# Exercise 13

Some dimensionality reduction techniques can also be used for anomaly detection. For example, take the
Olivetti faces dataset, and reduce it with PCA, preserving 99% of the variance. Then compute the reconstruction
error for each image. Next, take some of the modified images you built in the previous exercise and
look at their reconstruction error: notice how much larger it is. If you plot a reconstructed image,
you will see why: it tries to reconstruct a normal face.

In [8]:
# imports
from sklearn.datasets import fetch_olivetti_faces
from sklearn.model_selection import train_test_split
from sklearn.decomposition import PCA
import numpy as np
from numpy.typing import NDArray

# functions
def determine_optimal_pca_components(
    X_train: NDArray[np.floating], variance_threshold: float = 0.95
) -> int:
    """
    Calculate the minimum number of principal components needed to retain a specified percentage of the variance.

    Args:
        X_train: 2D array-like, shape (n_samples, n_features), the training data.
        variance_threshold: Float between 0 and 1, the target fraction of variance to retain (default: 0.95).

    Returns:
        The minimum number of PCA components required to preserve at least the desired variance.
    """
    pca = PCA().fit(X_train)
    cumsum = np.cumsum(pca.explained_variance_ratio_)
    d = np.argmax(cumsum >= variance_threshold) + 1
    print(
        f"Optimal number of PCA components to keept at least variance {variance_threshold:.0%} is {d}"
    )
    return d

def get_modified_faces(
    X: NDArray[np.float64], y: NDArray[np.int32]
) -> tuple[NDArray[np.float64], NDArray[np.int32]]:
    """
    In accordance with the tasks from  exercises 12 and 13,  we modify some images (e.g. rotate, flip,
    darken)

    Args:
        X: Array of face images, each row is a flattened image of 64x64 pixels
        y: Array of labels corresponding to the face images

    Returns:
        X_bad_faces: Array of modified face images (rotated, flipped, darkened)
        y_bad: Array of labels for the modified images

    """
    # Re-using author's solution for this part (from: https://colab.research.google.com/github/ageron/handson-ml3/blob/main/09_unsupervised_learning.ipynb)
    n_rotated = 4
    rotated = np.transpose(X[:n_rotated].reshape(-1, 64, 64), axes=[0, 2, 1])
    rotated = rotated.reshape(-1, 64 * 64)
    y_rotated = y[:n_rotated]

    n_flipped = 3
    flipped = X[:n_flipped].reshape(-1, 64, 64)[:, ::-1]
    flipped = flipped.reshape(-1, 64 * 64)
    y_flipped = y[:n_flipped]

    n_darkened = 3
    darkened = X[:n_darkened].copy()
    darkened[:, 1:-1] *= 0.3
    y_darkened = y[:n_darkened]

    X_bad_faces = np.r_[rotated, flipped, darkened]
    y_bad = np.concatenate([y_rotated, y_flipped, y_darkened])
    return X_bad_faces, y_bad

## Step 1. Fetch and split the original dataset

In [2]:
olivetti = fetch_olivetti_faces()

In [3]:
X_train, _, y_train, _ = train_test_split(
    olivetti.data,
    olivetti.target,
    stratify=olivetti.target,
    test_size=0.2,
    random_state=42,
)

## Step 2. Reduce dataset's dimensionality with PCA

In [4]:
n_components = determine_optimal_pca_components(X_train, 0.99)
pca = PCA(n_components=n_components)
X_train_reduced = pca.fit_transform(X_train)

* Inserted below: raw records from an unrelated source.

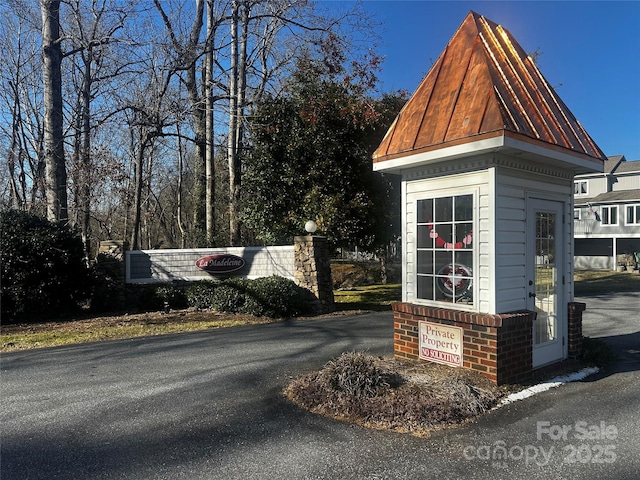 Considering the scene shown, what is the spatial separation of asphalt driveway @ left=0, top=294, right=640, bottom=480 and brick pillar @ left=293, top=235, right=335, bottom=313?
487 centimetres

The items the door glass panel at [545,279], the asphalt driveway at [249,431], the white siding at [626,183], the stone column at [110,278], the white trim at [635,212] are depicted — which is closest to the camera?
the asphalt driveway at [249,431]

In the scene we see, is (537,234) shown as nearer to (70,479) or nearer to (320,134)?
(70,479)

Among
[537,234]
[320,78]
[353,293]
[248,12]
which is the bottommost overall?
[353,293]

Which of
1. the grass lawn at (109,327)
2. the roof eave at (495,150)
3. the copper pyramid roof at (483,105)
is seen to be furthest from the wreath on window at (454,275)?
the grass lawn at (109,327)

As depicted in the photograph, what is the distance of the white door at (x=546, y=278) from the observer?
18.2ft

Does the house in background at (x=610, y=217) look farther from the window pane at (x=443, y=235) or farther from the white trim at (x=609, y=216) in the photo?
the window pane at (x=443, y=235)

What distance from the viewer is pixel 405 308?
589cm

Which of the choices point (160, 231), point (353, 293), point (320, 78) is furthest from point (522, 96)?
point (160, 231)

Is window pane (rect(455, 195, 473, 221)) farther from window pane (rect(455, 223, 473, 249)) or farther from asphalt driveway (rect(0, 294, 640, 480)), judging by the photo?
asphalt driveway (rect(0, 294, 640, 480))

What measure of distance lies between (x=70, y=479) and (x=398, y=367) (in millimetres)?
3526

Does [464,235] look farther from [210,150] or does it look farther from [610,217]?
[610,217]

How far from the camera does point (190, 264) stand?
12109 mm

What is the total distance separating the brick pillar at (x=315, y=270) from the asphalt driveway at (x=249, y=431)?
4871 millimetres

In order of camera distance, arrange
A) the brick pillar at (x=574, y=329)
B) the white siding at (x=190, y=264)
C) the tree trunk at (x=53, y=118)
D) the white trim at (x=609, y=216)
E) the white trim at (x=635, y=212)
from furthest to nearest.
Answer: the white trim at (x=609, y=216), the white trim at (x=635, y=212), the tree trunk at (x=53, y=118), the white siding at (x=190, y=264), the brick pillar at (x=574, y=329) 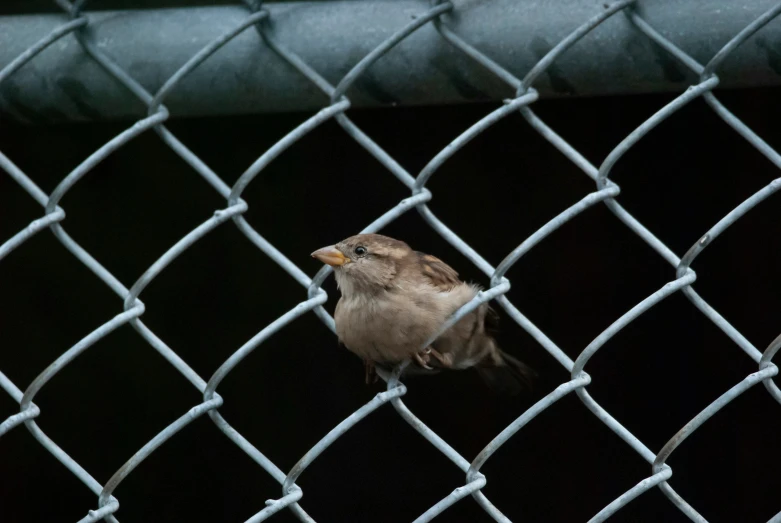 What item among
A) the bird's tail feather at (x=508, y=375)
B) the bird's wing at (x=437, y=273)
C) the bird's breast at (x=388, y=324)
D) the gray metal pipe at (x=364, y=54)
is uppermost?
the gray metal pipe at (x=364, y=54)

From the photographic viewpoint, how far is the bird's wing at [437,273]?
7.41 ft

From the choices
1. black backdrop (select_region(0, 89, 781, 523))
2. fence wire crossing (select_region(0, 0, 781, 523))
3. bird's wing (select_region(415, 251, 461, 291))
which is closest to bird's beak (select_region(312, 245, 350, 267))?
bird's wing (select_region(415, 251, 461, 291))

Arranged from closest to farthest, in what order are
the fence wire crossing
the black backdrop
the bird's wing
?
1. the fence wire crossing
2. the bird's wing
3. the black backdrop

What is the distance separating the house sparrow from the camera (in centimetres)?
204

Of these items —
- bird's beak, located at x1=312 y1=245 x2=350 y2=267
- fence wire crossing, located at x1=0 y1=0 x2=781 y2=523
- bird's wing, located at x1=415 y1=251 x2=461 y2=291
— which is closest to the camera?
fence wire crossing, located at x1=0 y1=0 x2=781 y2=523

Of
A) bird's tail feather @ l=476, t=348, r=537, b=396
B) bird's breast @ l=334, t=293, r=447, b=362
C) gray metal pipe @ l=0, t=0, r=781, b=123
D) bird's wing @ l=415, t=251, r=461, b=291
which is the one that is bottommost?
bird's tail feather @ l=476, t=348, r=537, b=396

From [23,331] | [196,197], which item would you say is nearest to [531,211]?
[196,197]

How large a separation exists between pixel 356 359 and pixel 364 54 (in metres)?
2.50

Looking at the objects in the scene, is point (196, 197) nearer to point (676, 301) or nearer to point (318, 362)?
point (318, 362)

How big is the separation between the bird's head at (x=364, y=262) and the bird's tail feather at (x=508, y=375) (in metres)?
0.72

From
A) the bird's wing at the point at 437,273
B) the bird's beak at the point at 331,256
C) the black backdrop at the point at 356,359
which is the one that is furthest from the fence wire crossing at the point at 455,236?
the black backdrop at the point at 356,359

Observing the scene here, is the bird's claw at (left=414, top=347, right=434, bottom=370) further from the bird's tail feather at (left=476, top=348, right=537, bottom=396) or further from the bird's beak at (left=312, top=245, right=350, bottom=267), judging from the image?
the bird's tail feather at (left=476, top=348, right=537, bottom=396)

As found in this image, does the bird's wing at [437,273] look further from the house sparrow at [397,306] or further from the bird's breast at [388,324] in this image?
the bird's breast at [388,324]

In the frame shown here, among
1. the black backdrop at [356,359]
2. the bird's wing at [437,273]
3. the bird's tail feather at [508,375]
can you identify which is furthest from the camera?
the black backdrop at [356,359] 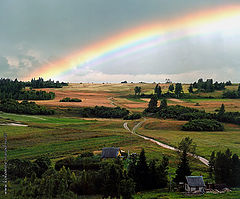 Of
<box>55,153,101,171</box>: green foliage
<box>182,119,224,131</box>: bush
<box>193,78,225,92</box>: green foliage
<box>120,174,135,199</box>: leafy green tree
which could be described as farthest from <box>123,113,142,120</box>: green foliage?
<box>120,174,135,199</box>: leafy green tree

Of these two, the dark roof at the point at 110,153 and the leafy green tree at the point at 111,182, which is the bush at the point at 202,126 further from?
the leafy green tree at the point at 111,182

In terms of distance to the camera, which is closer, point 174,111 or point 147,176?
point 147,176

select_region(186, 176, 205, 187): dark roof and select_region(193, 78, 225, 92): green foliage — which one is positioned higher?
select_region(193, 78, 225, 92): green foliage

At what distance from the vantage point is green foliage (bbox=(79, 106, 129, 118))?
133 m

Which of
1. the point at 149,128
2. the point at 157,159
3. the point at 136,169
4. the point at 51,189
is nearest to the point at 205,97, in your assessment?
the point at 149,128

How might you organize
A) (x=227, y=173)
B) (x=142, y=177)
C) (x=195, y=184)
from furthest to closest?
1. (x=227, y=173)
2. (x=142, y=177)
3. (x=195, y=184)

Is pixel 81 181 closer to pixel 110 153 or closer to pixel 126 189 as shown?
pixel 126 189

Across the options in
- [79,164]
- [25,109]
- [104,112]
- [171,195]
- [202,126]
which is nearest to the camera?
[171,195]

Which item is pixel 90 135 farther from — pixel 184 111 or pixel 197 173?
pixel 184 111

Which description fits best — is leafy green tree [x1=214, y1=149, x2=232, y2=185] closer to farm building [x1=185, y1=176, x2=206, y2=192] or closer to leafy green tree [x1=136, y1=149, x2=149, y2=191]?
farm building [x1=185, y1=176, x2=206, y2=192]

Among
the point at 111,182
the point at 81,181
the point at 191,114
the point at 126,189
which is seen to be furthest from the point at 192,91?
the point at 126,189

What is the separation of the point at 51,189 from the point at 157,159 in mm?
23988

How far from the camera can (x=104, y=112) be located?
5290 inches

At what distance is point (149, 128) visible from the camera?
330 ft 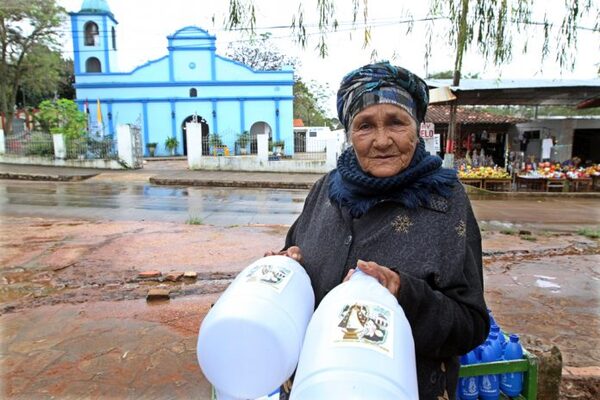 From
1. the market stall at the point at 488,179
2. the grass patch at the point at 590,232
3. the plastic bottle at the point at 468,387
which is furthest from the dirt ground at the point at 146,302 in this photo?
the market stall at the point at 488,179

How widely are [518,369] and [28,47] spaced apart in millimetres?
32967

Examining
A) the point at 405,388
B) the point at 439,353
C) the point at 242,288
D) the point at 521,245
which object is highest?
the point at 242,288

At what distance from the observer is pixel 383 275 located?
4.01ft

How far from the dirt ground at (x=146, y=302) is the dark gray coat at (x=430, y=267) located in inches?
73.0

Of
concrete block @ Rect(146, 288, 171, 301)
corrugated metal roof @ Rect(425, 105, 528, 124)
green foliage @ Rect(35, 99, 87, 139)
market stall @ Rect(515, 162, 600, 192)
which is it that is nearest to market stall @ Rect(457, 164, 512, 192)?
market stall @ Rect(515, 162, 600, 192)

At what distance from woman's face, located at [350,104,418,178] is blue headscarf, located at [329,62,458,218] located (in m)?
0.02

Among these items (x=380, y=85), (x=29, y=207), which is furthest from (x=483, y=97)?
(x=380, y=85)

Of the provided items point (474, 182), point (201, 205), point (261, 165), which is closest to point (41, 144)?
point (261, 165)

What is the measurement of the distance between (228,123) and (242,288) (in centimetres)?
2736

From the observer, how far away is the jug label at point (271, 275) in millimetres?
1309

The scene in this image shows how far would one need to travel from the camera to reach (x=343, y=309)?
1059 mm

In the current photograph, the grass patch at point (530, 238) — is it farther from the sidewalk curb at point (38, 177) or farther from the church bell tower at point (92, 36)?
the church bell tower at point (92, 36)

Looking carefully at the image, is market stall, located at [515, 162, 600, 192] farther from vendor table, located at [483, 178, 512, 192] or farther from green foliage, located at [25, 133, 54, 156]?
green foliage, located at [25, 133, 54, 156]

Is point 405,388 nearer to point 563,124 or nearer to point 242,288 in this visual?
point 242,288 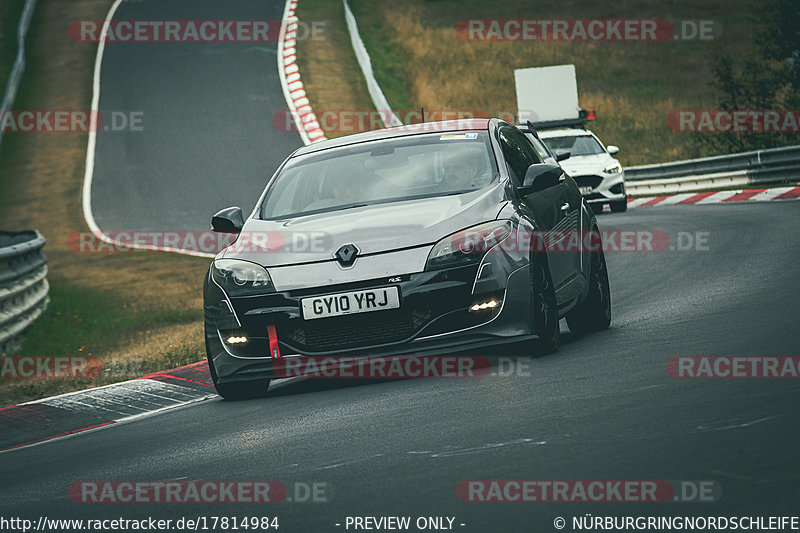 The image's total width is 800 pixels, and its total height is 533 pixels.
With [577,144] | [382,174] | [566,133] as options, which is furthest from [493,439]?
[566,133]

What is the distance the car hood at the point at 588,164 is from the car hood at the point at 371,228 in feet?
47.1

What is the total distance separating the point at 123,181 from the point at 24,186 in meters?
2.41

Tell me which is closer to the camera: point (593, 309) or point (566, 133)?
point (593, 309)

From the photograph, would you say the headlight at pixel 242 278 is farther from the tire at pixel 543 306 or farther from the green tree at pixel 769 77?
the green tree at pixel 769 77

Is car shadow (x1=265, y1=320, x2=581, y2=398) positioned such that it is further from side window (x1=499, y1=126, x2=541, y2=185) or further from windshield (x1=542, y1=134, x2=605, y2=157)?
windshield (x1=542, y1=134, x2=605, y2=157)

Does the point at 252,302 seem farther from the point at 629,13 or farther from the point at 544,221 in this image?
the point at 629,13

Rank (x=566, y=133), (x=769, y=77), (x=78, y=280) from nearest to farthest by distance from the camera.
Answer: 1. (x=78, y=280)
2. (x=566, y=133)
3. (x=769, y=77)

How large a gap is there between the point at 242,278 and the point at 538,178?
A: 2059mm

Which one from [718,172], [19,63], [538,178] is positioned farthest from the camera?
[19,63]

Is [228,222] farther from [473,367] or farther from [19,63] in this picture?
[19,63]

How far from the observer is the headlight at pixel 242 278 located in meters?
7.17

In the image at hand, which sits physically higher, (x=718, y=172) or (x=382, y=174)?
(x=382, y=174)

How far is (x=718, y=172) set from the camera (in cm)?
2408

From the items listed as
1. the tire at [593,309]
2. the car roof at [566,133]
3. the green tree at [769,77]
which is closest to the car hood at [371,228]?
the tire at [593,309]
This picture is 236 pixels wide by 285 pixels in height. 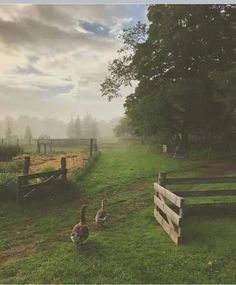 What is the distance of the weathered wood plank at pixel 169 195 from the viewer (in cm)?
619

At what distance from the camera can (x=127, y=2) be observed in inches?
289


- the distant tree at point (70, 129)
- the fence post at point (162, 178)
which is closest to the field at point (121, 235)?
the fence post at point (162, 178)

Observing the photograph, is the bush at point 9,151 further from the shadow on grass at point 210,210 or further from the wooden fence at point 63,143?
the shadow on grass at point 210,210

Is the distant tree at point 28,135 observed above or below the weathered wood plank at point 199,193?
above

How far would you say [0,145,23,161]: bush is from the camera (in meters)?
7.97

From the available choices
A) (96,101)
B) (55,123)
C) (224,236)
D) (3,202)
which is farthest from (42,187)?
(224,236)

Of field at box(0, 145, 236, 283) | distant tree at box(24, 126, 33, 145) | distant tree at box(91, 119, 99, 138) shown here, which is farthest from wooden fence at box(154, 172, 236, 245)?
distant tree at box(24, 126, 33, 145)

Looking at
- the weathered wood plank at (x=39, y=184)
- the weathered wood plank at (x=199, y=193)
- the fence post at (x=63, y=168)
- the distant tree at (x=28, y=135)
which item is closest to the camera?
the weathered wood plank at (x=199, y=193)

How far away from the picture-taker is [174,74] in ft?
27.4

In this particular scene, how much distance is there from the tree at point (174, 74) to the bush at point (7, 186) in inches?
102

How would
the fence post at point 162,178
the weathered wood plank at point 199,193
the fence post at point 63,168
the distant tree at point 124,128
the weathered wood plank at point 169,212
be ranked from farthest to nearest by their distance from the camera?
the fence post at point 63,168
the distant tree at point 124,128
the fence post at point 162,178
the weathered wood plank at point 199,193
the weathered wood plank at point 169,212

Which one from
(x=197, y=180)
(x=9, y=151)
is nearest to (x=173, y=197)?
(x=197, y=180)

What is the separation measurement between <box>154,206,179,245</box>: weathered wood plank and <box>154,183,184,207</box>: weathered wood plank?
0.38 m

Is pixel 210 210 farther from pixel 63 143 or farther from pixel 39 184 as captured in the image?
pixel 39 184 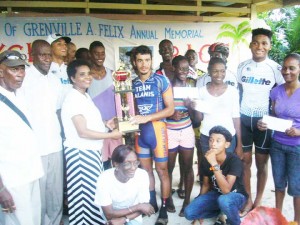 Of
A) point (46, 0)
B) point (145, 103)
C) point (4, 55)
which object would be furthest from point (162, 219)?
point (46, 0)

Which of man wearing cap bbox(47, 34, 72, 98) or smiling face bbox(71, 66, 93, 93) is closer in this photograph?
smiling face bbox(71, 66, 93, 93)

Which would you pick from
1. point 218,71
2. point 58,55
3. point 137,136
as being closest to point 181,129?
point 137,136

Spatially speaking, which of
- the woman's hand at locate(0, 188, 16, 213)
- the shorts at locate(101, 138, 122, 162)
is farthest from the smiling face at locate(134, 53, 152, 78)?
the woman's hand at locate(0, 188, 16, 213)

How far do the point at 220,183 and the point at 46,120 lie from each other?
1708mm

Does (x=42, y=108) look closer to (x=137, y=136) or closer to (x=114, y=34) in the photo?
(x=137, y=136)

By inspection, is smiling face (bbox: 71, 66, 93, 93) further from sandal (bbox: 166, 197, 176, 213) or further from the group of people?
sandal (bbox: 166, 197, 176, 213)

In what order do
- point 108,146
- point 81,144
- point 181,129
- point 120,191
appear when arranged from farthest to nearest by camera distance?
1. point 108,146
2. point 181,129
3. point 81,144
4. point 120,191

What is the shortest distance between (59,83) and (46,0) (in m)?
2.51

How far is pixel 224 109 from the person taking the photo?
10.9ft

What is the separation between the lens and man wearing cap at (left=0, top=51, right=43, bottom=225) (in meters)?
2.29

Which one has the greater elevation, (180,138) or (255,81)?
(255,81)

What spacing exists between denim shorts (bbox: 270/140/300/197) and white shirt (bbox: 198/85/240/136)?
0.48 m

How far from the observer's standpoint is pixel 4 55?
2.38 m

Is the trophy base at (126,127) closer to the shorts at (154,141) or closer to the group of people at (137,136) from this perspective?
the group of people at (137,136)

Optimal number of PCA components to keept at least variance 99% is 222


## Step 3. Compute the reconstruction error for each image

We can compute the reconstruction error for each image as the mean squared error (MSE) per image 
or the total squared error per image. The exercise doesn't specify, but since it's an image, we 
might compute the MSE.
  
We could equally use `sklearn.metrics.mean_squared_error`, but that would return us the average 
over all samples (images) and all features. Since we're asked for the error per image, we would 
have to use it in a loop, hence vectorized `np.mean(..., axis=1)` seems more efficient and straightforward.

Why `axis=1`? The array `X_train` has shape `(n_samples, n_features)`. When we compute `(X_train 
X_train_reconstructed) ** 2`, we get a matrix of squared errors of the same shape. Then, `np.mean(..., 
axis=1)` takes the mean across the columns (i.e., for each row, which represents one image). So 
we get one mean squared error per image.

In [6]:
X_train_reconstructed = pca.inverse_transform(X_train_reduced)
reconstruction_errors = np.mean(np.square(X_train - X_train_reconstructed), axis=1)

In [9]:
print(f"Train errors (AVG): {np.mean(reconstruction_errors)}")

Train errors (AVG): 0.00019272117060609162


## Step 4. Compute the reconstruction error for modified images

In [12]:
# Load a subset (10) of modified images
X_bad_faces, y_bad_faces = get_modified_faces(X_train, y_train)

In [13]:
X_bad_faces_reconstructed = pca.inverse_transform(pca.transform(X_bad_faces))
reconstruction_errors_modified = np.mean(np.square(X_bad_faces - X_bad_faces_reconstructed), axis=1)

In [14]:
print(f"Modified images' errors (AVG): {np.mean(reconstruction_errors_modified)}")

Modified images' errors (AVG): 0.004383236635476351